| What the task requires |
Within the records, say how many lines include the word "staining"; the answer should be the number and no more.

⟨

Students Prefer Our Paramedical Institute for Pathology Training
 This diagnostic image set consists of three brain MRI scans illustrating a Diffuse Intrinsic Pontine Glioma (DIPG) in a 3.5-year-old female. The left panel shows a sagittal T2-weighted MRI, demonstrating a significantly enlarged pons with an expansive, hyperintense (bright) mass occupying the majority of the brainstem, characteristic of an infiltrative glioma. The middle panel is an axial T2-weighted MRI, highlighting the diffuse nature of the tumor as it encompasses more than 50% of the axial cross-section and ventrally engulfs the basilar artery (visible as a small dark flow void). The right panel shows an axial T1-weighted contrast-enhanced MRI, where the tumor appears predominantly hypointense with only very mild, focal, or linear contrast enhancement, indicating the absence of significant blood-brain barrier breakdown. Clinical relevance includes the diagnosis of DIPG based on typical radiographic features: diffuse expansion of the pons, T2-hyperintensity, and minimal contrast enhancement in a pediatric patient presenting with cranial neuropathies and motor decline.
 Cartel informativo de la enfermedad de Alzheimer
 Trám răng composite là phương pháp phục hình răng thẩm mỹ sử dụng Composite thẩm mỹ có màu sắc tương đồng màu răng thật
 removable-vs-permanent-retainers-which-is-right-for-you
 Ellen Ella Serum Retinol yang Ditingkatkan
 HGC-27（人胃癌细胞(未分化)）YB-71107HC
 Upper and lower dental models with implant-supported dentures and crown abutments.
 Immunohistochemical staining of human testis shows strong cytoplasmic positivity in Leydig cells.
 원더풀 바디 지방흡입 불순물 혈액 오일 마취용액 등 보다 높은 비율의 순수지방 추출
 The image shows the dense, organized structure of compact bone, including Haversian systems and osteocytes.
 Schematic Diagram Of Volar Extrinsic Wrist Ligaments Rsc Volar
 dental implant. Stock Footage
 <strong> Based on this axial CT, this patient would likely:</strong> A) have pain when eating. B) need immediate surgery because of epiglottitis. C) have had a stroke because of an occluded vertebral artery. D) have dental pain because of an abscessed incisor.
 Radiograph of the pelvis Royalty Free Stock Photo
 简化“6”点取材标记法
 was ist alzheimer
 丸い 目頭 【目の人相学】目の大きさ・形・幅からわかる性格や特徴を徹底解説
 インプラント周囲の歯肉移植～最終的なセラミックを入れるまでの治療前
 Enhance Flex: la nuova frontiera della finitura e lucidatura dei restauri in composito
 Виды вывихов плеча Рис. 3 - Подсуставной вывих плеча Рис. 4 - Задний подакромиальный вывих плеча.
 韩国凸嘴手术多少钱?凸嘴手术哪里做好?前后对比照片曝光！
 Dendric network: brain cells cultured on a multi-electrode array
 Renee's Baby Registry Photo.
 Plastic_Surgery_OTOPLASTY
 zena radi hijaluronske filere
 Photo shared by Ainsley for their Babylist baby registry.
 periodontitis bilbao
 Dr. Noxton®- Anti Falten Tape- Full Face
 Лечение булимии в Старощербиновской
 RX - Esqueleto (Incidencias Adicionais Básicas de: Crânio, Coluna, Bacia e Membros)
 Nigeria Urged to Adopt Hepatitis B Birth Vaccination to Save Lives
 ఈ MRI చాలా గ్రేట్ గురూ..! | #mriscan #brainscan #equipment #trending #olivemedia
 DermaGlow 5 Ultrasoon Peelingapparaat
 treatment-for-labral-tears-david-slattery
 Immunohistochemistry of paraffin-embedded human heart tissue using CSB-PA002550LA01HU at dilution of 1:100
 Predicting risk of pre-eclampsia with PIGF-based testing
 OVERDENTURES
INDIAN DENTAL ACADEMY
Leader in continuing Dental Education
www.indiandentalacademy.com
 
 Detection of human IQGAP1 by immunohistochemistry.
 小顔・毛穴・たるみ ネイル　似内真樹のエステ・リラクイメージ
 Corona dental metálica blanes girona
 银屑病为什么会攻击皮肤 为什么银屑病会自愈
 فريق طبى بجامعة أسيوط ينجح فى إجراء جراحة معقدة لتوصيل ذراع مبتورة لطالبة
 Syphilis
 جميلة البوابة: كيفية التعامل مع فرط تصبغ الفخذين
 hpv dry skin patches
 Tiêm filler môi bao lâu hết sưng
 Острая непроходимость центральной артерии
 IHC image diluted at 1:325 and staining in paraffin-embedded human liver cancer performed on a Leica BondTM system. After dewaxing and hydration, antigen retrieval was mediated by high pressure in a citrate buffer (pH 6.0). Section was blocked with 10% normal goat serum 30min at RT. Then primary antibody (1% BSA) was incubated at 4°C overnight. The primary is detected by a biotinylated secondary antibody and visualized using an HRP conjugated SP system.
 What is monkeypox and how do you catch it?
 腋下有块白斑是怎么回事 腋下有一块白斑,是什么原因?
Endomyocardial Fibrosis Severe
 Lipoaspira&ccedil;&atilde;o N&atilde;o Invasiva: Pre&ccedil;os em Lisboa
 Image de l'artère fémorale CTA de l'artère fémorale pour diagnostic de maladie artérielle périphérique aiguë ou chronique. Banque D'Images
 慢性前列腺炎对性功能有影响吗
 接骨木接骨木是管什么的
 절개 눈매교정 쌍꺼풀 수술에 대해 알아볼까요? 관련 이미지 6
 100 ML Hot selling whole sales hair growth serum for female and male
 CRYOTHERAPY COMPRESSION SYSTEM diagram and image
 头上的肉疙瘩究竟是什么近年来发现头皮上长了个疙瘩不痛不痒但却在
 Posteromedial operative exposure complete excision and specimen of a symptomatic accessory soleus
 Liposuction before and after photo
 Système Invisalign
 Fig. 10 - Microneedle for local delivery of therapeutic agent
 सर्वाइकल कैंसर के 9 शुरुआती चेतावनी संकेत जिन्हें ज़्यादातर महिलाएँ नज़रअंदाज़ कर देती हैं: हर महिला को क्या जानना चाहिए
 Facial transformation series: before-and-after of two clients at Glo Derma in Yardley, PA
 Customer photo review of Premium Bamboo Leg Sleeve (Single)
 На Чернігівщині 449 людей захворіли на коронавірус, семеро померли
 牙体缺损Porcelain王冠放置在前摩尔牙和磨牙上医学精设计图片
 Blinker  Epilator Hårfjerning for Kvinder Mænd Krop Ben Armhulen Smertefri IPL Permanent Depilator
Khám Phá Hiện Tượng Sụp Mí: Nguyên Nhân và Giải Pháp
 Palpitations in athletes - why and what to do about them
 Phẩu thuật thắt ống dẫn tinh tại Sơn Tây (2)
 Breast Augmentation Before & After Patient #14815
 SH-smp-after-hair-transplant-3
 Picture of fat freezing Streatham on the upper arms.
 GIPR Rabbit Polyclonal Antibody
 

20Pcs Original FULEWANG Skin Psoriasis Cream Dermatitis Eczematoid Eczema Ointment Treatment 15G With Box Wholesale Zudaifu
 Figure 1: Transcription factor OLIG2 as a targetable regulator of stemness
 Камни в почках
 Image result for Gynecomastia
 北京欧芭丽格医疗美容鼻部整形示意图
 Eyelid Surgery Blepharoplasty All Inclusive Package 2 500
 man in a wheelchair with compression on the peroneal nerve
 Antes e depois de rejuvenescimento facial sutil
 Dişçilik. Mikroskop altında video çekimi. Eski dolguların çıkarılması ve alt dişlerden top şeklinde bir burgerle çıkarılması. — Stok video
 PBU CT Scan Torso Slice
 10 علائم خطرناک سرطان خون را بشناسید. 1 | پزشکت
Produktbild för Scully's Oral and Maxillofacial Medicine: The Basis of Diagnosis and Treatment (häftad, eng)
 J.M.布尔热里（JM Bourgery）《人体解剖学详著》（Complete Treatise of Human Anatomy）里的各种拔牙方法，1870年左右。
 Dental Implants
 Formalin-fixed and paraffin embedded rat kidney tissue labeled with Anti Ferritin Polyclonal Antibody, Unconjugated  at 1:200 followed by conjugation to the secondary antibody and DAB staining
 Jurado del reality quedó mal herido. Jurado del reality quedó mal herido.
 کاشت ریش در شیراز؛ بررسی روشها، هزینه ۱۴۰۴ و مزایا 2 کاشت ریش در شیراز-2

⟩

| Your solution |
3